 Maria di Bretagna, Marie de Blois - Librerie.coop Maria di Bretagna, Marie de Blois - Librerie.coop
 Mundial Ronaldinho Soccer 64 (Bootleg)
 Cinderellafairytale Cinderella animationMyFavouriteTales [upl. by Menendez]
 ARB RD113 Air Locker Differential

--

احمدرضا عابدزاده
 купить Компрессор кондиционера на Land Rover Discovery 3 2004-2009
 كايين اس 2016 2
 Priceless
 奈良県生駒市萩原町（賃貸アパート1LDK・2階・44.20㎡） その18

▶ WHAT IS REQUIRED: Each line above from the one with "Maria di Bretagna, Marie de Blois - Librerie.coop Maria" up to and including the one with "ARB RD113 Air Locker Differential" must be set down exactly, and no line outside that span may appear.

▶ EXPECTED ANSWER:
 Maria di Bretagna, Marie de Blois - Librerie.coop Maria di Bretagna, Marie de Blois - Librerie.coop
 Mundial Ronaldinho Soccer 64 (Bootleg)
 Cinderellafairytale Cinderella animationMyFavouriteTales [upl. by Menendez]
 ARB RD113 Air Locker Differential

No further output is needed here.